I learned about yerba mate from Denise. Denise volunteers on our farm. She drives an hour from the city to spend the day on the farm, a connection to nature for her and a reminder of her mother land of Brazil. One cold day she came to the farm with a canteen of hot water and a traditional drinking gourd filled with tea leaves. She told me they were yerba mate leaves, and she described the traditional ceremony of adding water and passing a drinking gourd around a circle of friends. She showed me the beautiful stainless steel drinking straw, a bombilla, which strained the loose tea from the bottom of the straw. She pours the water at drinking temperature, not piping hot, so she can sip it through the straw.

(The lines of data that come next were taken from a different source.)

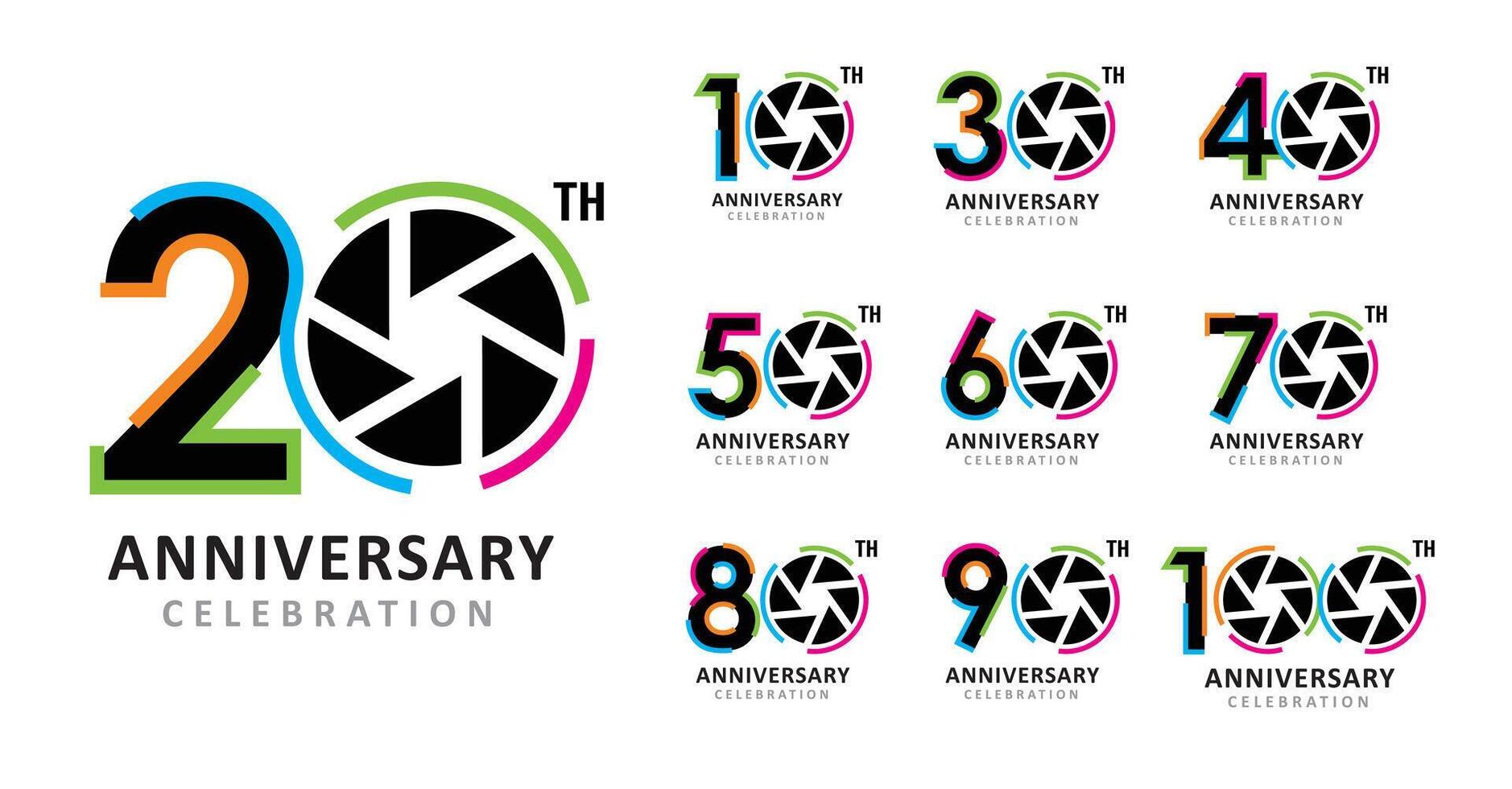 Set of anniversary design colorful camera number vector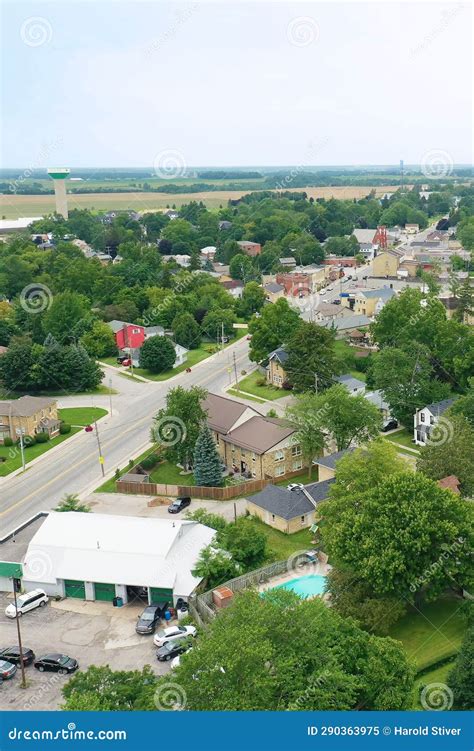 Aerial Vertical of Lucan, Ontario, Canada Stock Image - Image of office, aerial: 290363975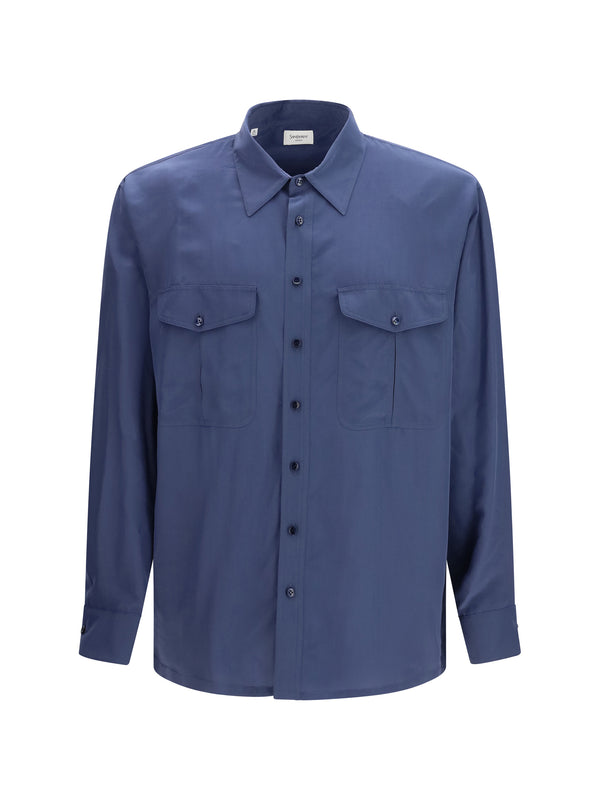 Saint Laurent 63% Viscose shirt in blue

I was intrigued. I bought yerba mate and a bombilla tea straw at my local food co-op. Yerba mate is a strong caffeinated tea, without the caffeine effects of coffee and with a reputation for significant health benefits. I am not used to caffeine and it still gave me a shaky reaction. But really, it wasn’t the mate I was after. It was the tea straw. I love drinking from stainless steel straws. I love the aesthetic of a collection of tea straws in a mug, ready for friends and tea. I broadened my tea collection to include quality loose teas from Mountain Rose Herbs. I will never go back to Celestial Seasonings. No more “natural flavors” flavoring my tea. I can use the straw to strain a mug of dried herbs from my herb garden, like my own chamomile flowers. Perhaps I will begin to mix my own tea combinations, another branch of the DIY passion. I can personalize the herbs in my mixes. But even without getting into mixing my own teas, drinking loose tea has improved the quality of tea in my life.